---------- SUPPLIED RECORDS ----------
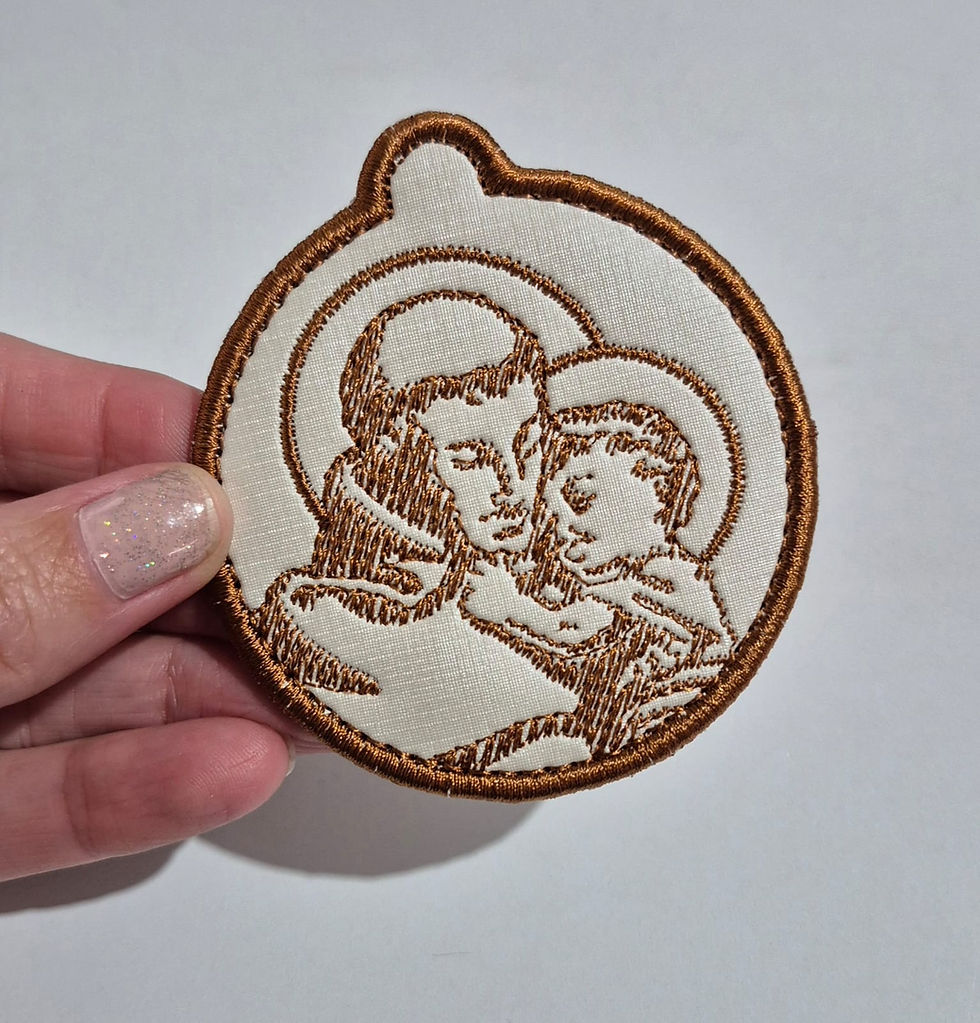 Miniatura: Chaveiro Santo Antônio 7cm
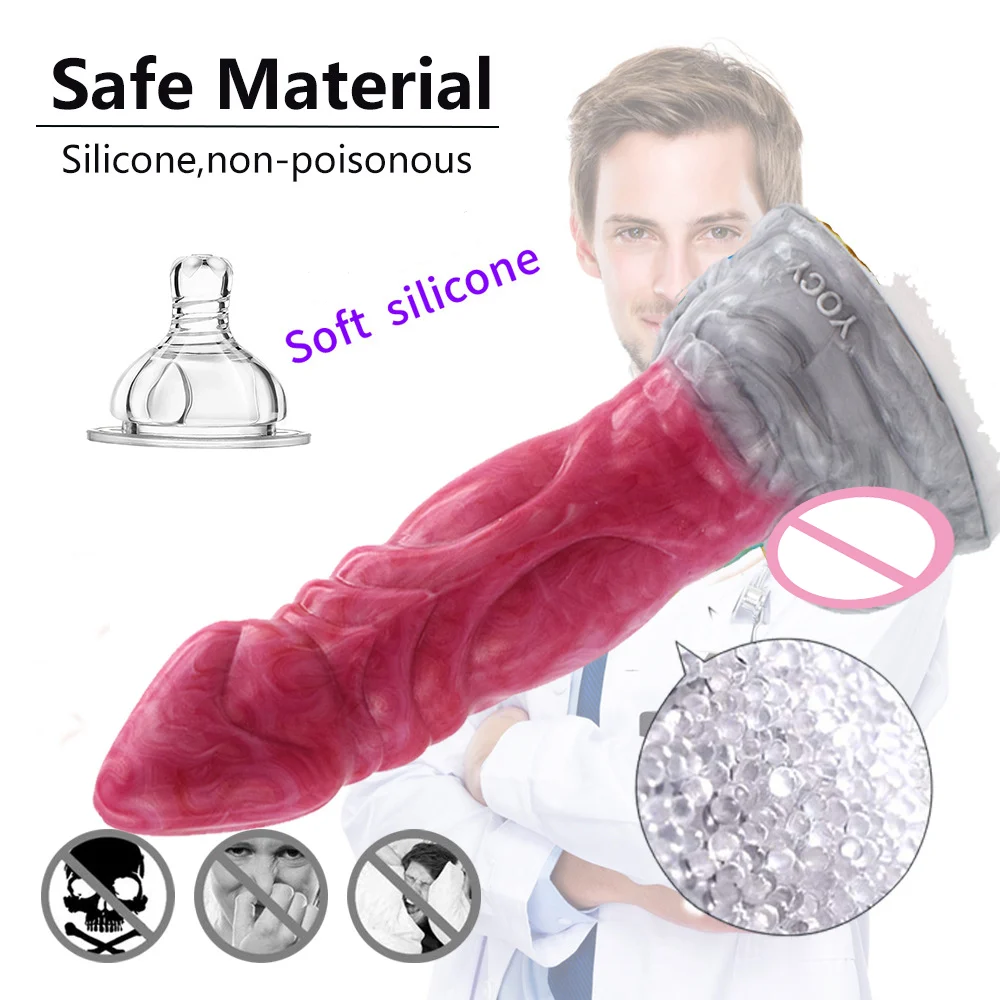 8.86 Inch Large Sex Women Toy Silicone G-spot Massage Sex to Toy for Women Sex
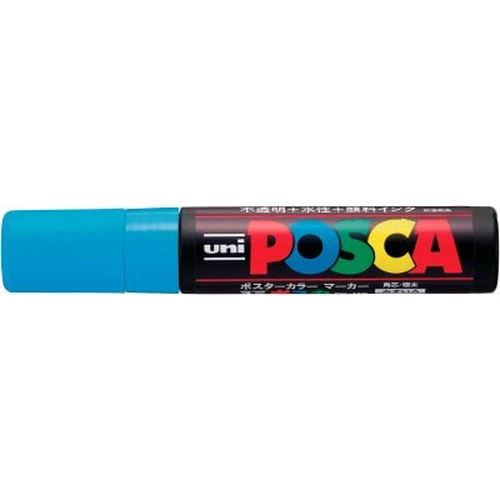 PID-146750_0 Aqueous Pigment Marker Uni-POSCA (Extra Thick Angle Core) - Image 1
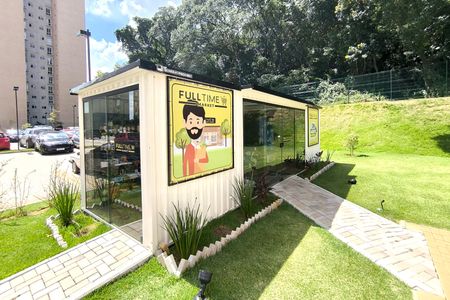 Apartamento para alugar com 55m², 2 quartos e 1 vaga Apartamento para alugar com 55m², 2 quartos e 1 vagaÁrea comum - Mini Mercado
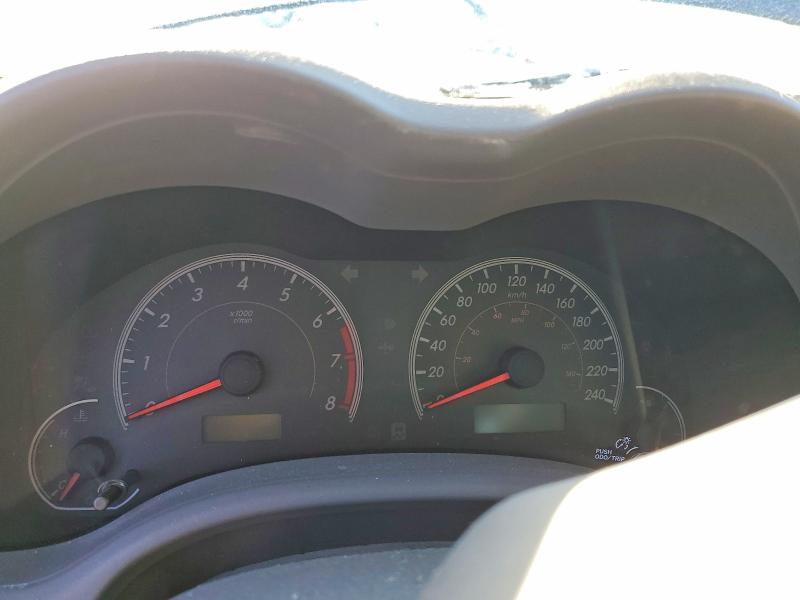 Aukcja sprzedaży 2009 Toyota Corolla, vin: 2T1BU40E99C020802, numer aukcji: 73890645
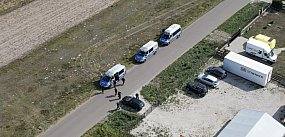 Rosyjski dron miał spaść w Ludwikowie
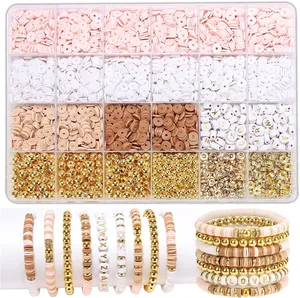 Amazo Hot Sale 3120 PCS DIY Jewelry Bracelet Beads Jewelry Bracelet Making Kit TLX0021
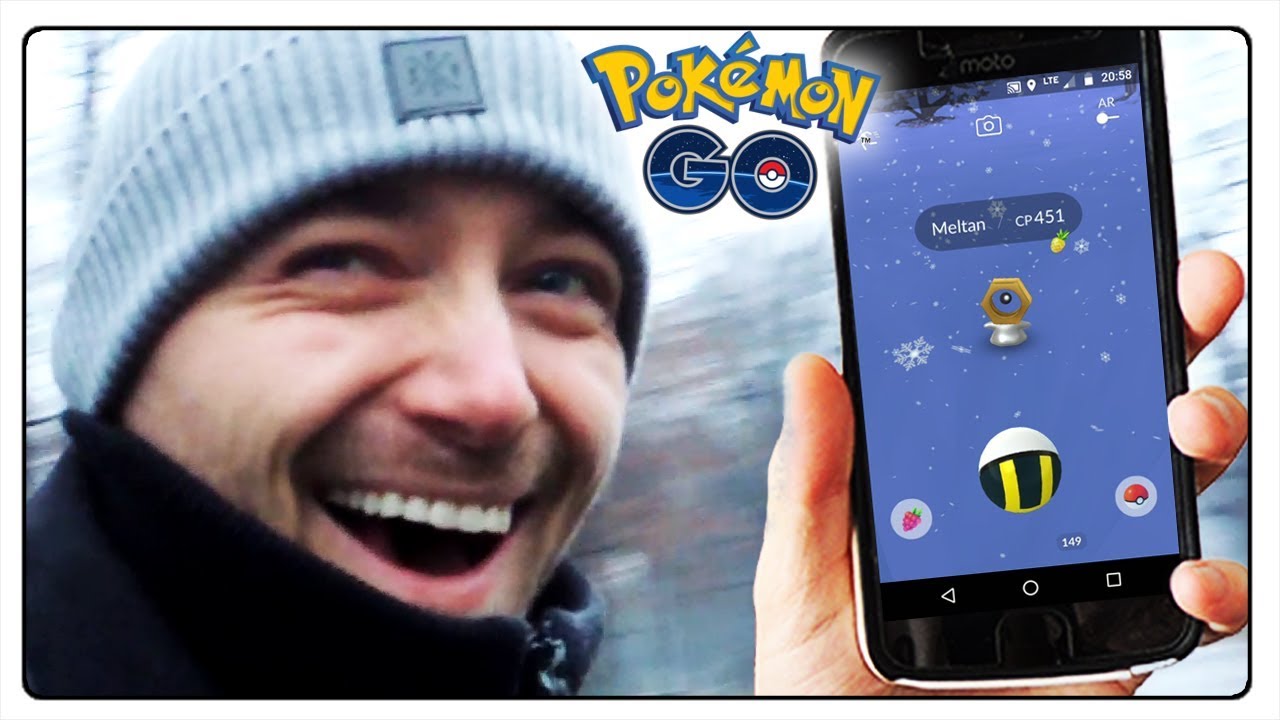 ZŁAPAŁEM MELTANA W POKEMON GO! LETS GO MELTAN QUEST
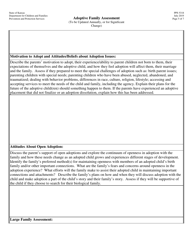 Form PPS5318 Adoptive Family Assessment - Kansas, Page 5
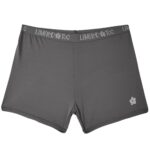 شورت دخترانه مدل Limited too کد 4516 رنگ خاکستری تیره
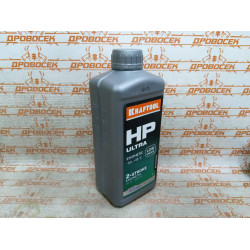 KRAFTOOL HP Ultra, 1 л, cинтетическое масло для 2-тактных двигателей / 41501-1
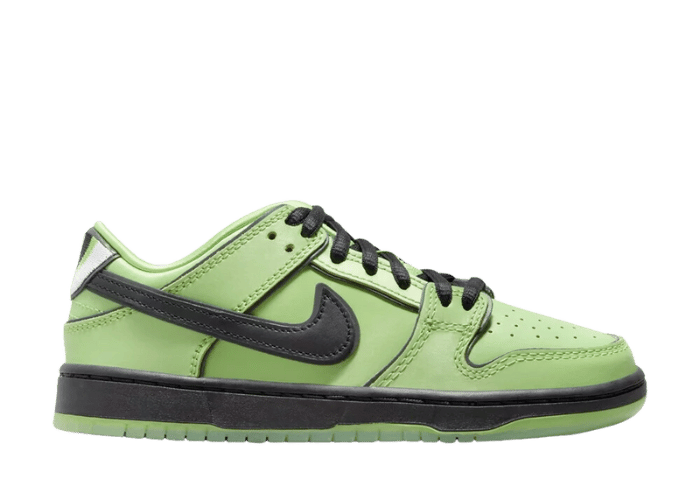 Nike SB Dunk Low Powerpuff Girls Buttercup (PS)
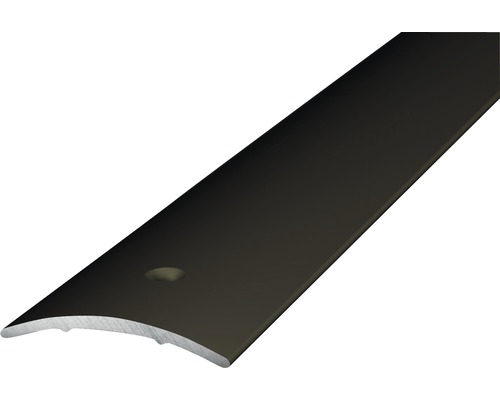 Overgangsprofiel, aluminiumbrons, geperforeerd, 30 x 2700 mm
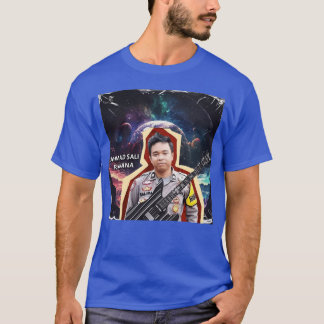 T-shirt Simple pochette d'album musique art trap mitape ra
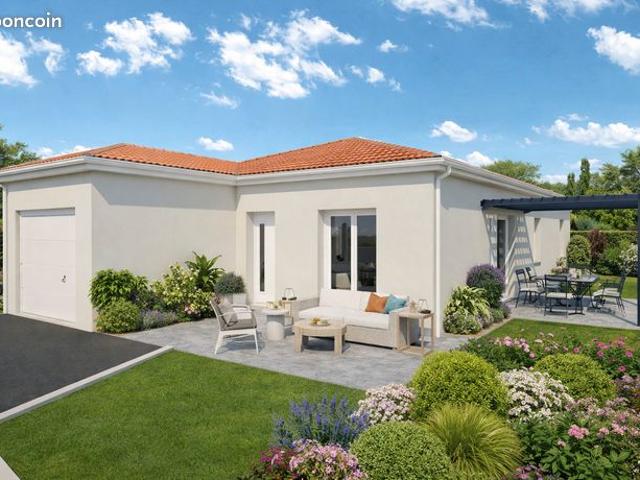 Maison 5 pièces 90 m²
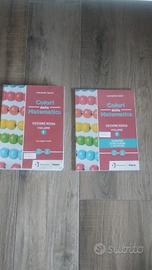 Libro di matematica "I colori della matematica"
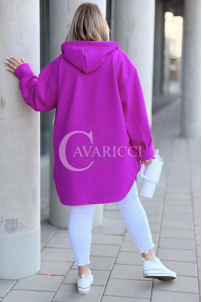 Kleid in Fuchsia – Große Größen | Cavaricci.de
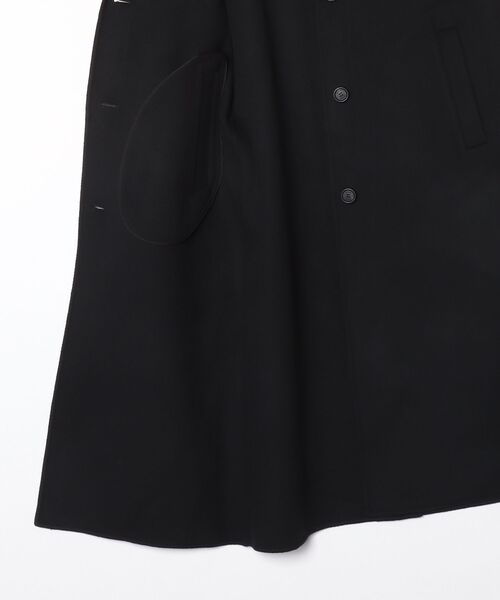 Mackage(マッカージュ)の「Mackage CEYLA Belted Light Wool Coat マッカージュ ベルト ライトウール トレンチコート(トレンチコート・レディース・ブラック・SMALL/MEDIUM/X-SMALL/LARGE)」の21枚目の写真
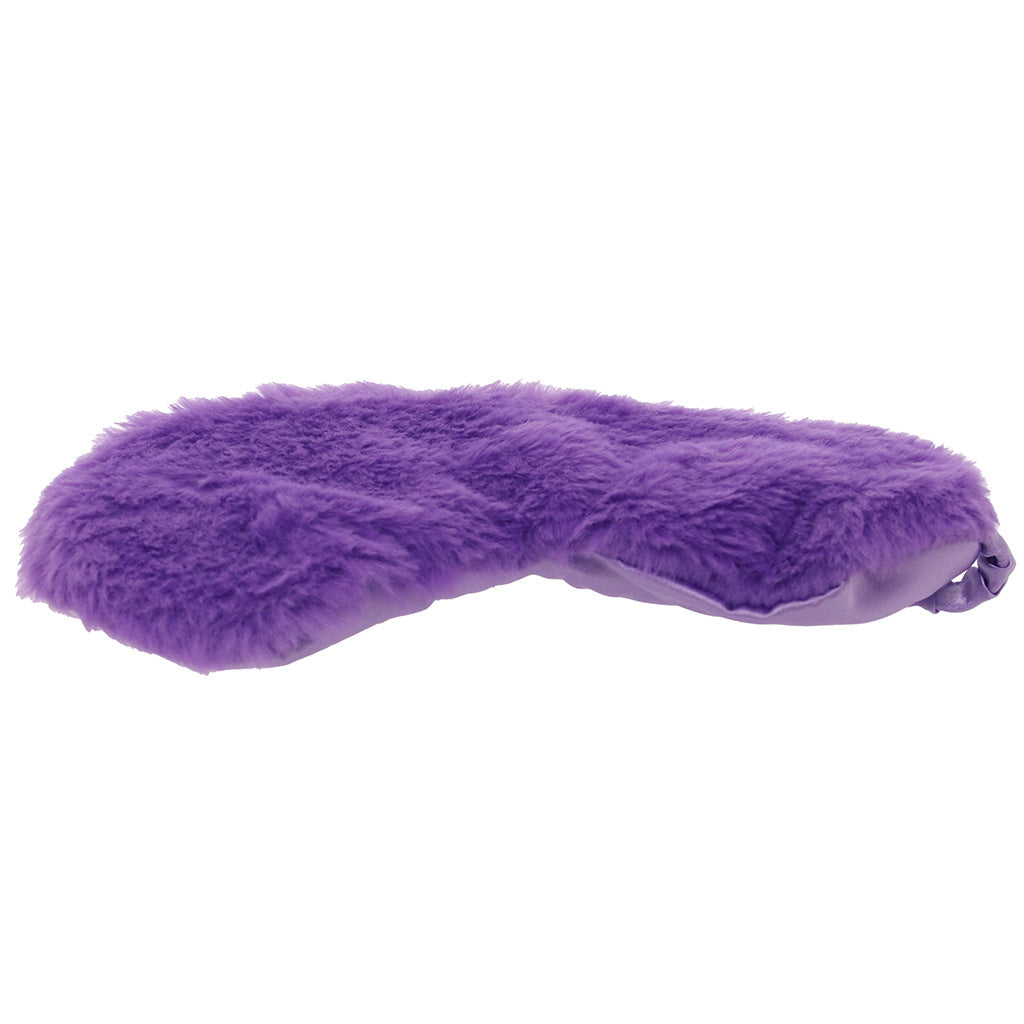 Ouch! Purple Fluffy Blindfold: Luxurious Sensory Surrender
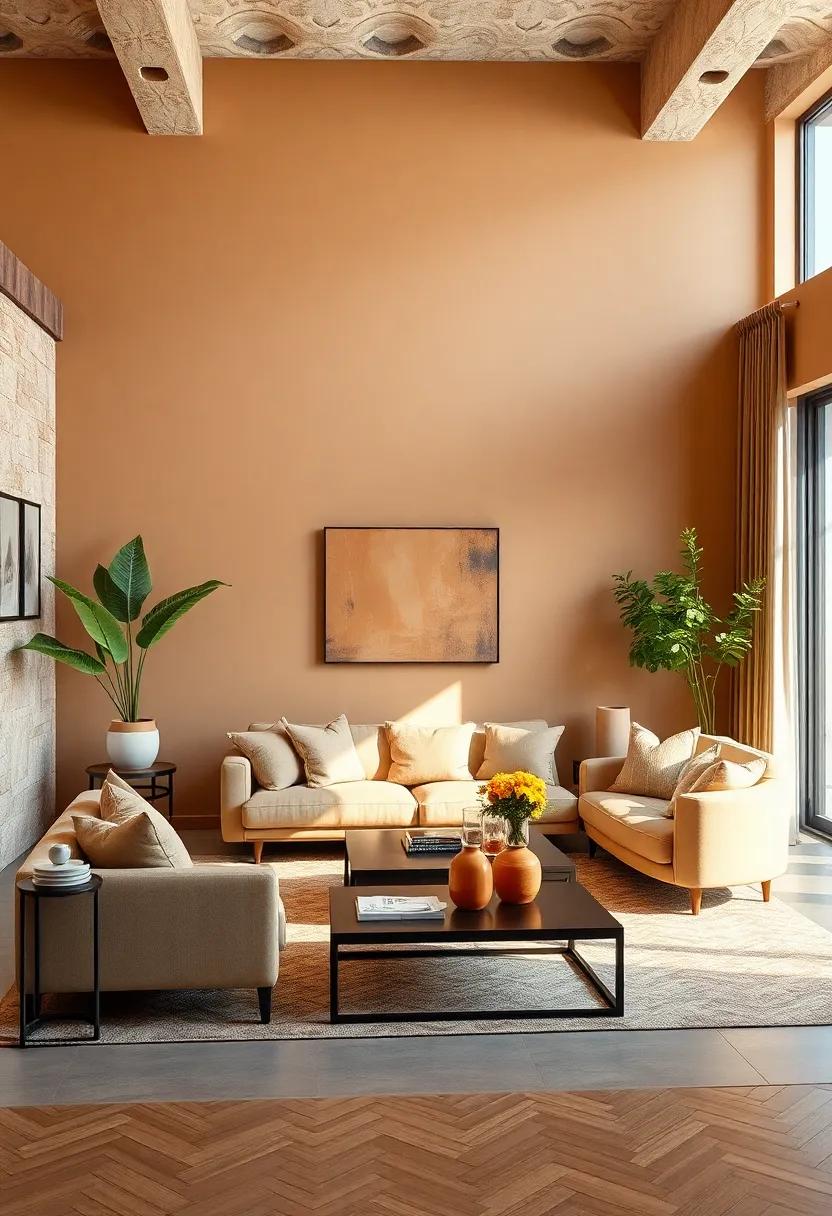 Contrast⁢ and Complement:‌ Stylish Pairings⁢ for Tan Wall Colors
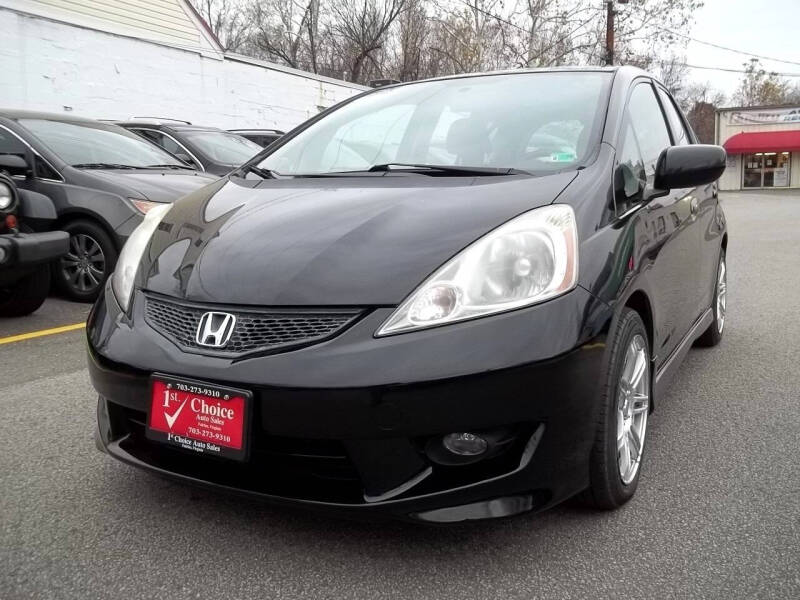 2009 Honda Fit Sport's photo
----------
• **WHAT IS REQUIRED**: Return only the lines running from the top of the data to the line that holds "Maison 5 pièces 90 m²". Include both of those lines, but skip the pictures.

• **ANSWER BELOW**:
 Miniatura: Chaveiro Santo Antônio 7cm
 8.86 Inch Large Sex Women Toy Silicone G-spot Massage Sex to Toy for Women Sex
 PID-146750_0 Aqueous Pigment Marker Uni-POSCA (Extra Thick Angle Core) - Image 1
 Apartamento para alugar com 55m², 2 quartos e 1 vaga Apartamento para alugar com 55m², 2 quartos e 1 vagaÁrea comum - Mini Mercado
 Aukcja sprzedaży 2009 Toyota Corolla, vin: 2T1BU40E99C020802, numer aukcji: 73890645
 Rosyjski dron miał spaść w Ludwikowie
 Amazo Hot Sale 3120 PCS DIY Jewelry Bracelet Beads Jewelry Bracelet Making Kit TLX0021
 ZŁAPAŁEM MELTANA W POKEMON GO! LETS GO MELTAN QUEST
 Form PPS5318 Adoptive Family Assessment - Kansas, Page 5
 شورت دخترانه مدل Limited too کد 4516 رنگ خاکستری تیره
 KRAFTOOL HP Ultra, 1 л, cинтетическое масло для 2-тактных двигателей / 41501-1
 Nike SB Dunk Low Powerpuff Girls Buttercup (PS)
 Overgangsprofiel, aluminiumbrons, geperforeerd, 30 x 2700 mm
 T-shirt Simple pochette d'album musique art trap mitape ra
 Maison 5 pièces 90 m²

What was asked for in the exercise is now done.